(Captioned web images)
/---

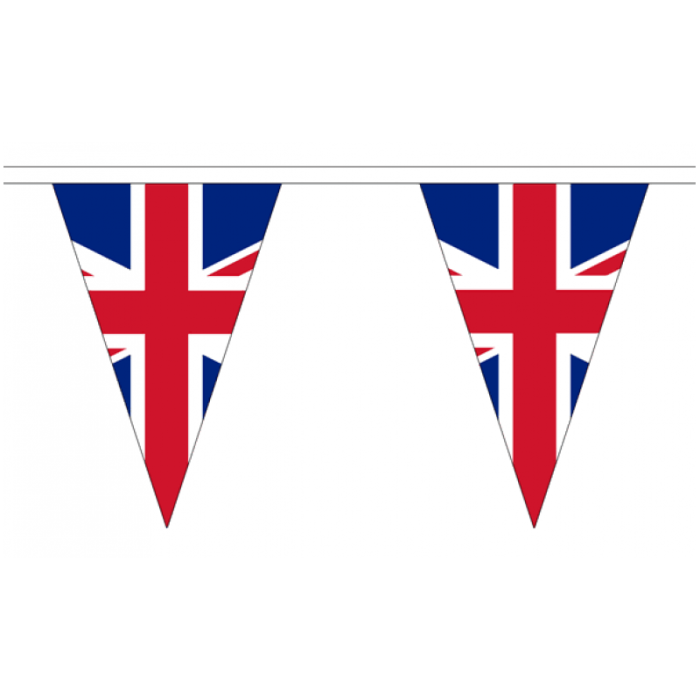 Union Jack Triangle Bunting - 54 flags / 20m Length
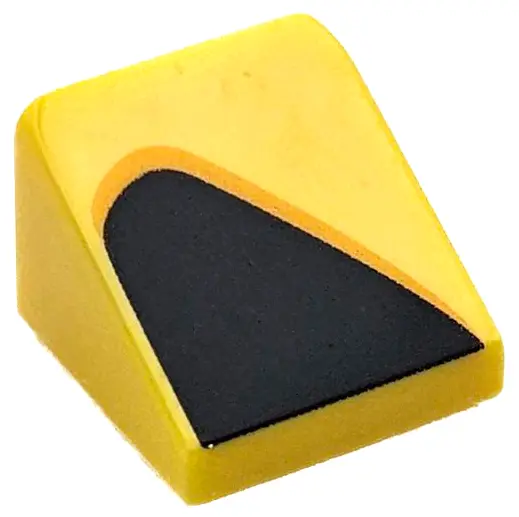 Yellow Slope 30 1 x 1 x 2/3 with Black and Bright Light Orange Curved Triangle / Vent Pattern Model 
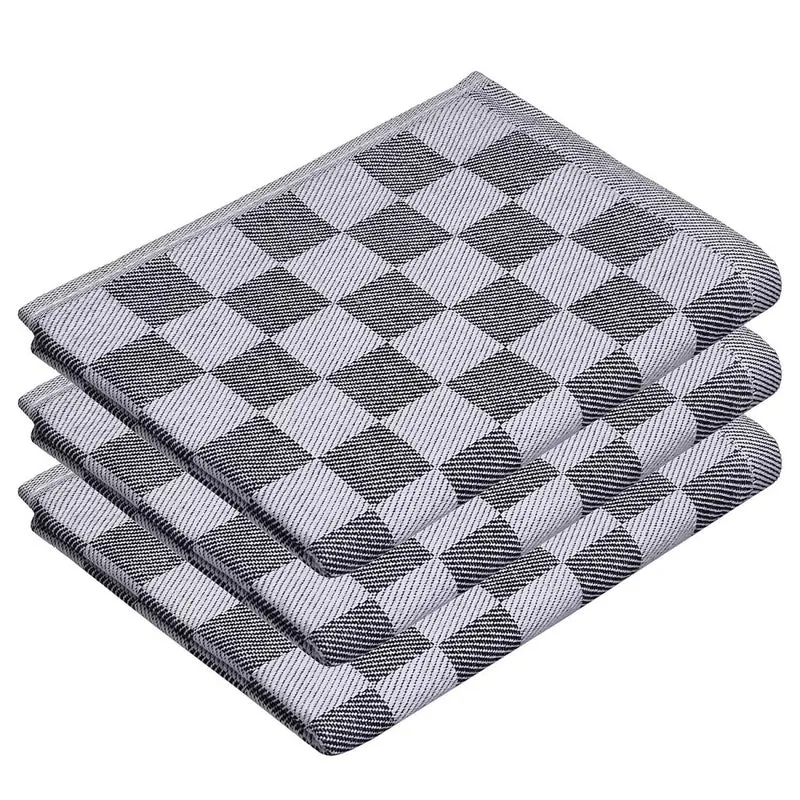 CHECKER STYLE Geschirrtuch-Set – Moderne Küchentücher mit Karomuster im 3er-Set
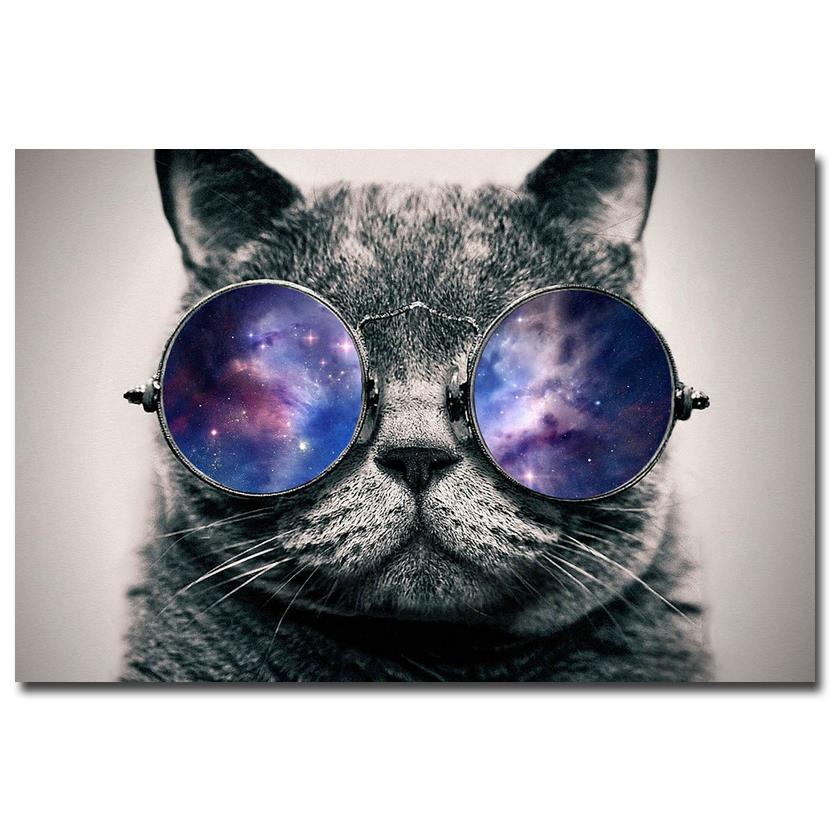 Funny Cat Art Canvas Poster - Galaxy Glasses Cat Wall Decor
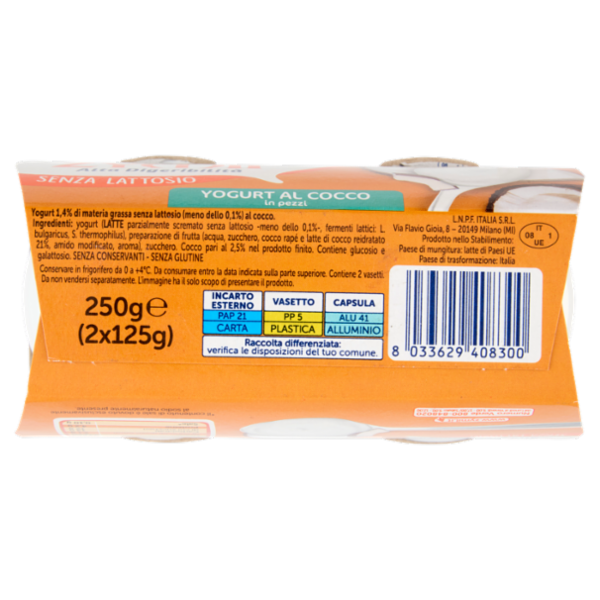 ZYMIL Alta Digeribilità Senza Lattosio Yogurt al Cocco in pezzi 2 x 125 g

\---

> [Problem]: Extract, character for character, every line from the one that holds "CHECKER STYLE Geschirrtuch-Set" through the end of the entries above. Include both boundary lines and no pictures.

> [Answer for the task]:
 CHECKER STYLE Geschirrtuch-Set – Moderne Küchentücher mit Karomuster im 3er-Set
 Funny Cat Art Canvas Poster - Galaxy Glasses Cat Wall Decor
 ZYMIL Alta Digeribilità Senza Lattosio Yogurt al Cocco in pezzi 2 x 125 g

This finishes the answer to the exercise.